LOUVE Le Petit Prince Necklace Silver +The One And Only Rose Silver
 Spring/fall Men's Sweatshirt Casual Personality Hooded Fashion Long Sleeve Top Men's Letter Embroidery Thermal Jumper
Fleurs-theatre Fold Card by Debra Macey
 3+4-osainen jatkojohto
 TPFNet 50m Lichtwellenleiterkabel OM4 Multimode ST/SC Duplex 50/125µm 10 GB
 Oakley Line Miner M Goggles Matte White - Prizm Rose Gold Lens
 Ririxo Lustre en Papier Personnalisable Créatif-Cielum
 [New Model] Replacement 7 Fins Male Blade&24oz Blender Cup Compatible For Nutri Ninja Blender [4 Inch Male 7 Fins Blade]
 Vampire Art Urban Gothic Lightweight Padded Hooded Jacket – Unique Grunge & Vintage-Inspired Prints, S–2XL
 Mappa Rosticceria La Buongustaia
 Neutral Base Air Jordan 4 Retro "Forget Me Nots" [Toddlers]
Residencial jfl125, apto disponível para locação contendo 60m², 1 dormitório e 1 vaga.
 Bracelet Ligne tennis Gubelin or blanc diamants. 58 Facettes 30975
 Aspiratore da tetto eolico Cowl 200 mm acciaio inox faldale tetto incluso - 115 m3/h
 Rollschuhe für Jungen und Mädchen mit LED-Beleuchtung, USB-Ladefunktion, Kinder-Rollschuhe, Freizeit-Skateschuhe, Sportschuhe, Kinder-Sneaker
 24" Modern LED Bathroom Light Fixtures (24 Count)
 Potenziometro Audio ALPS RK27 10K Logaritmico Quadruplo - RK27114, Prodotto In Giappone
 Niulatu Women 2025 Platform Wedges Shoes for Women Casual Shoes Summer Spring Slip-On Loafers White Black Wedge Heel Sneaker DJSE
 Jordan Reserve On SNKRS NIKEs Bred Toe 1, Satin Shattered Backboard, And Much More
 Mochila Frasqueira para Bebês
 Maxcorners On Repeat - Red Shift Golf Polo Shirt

Work order | Present each line from the listing that holds the string "Jordan".

Task response |
 Neutral Base Air Jordan 4 Retro "Forget Me Nots" [Toddlers]
 Jordan Reserve On SNKRS NIKEs Bred Toe 1, Satin Shattered Backboard, And Much More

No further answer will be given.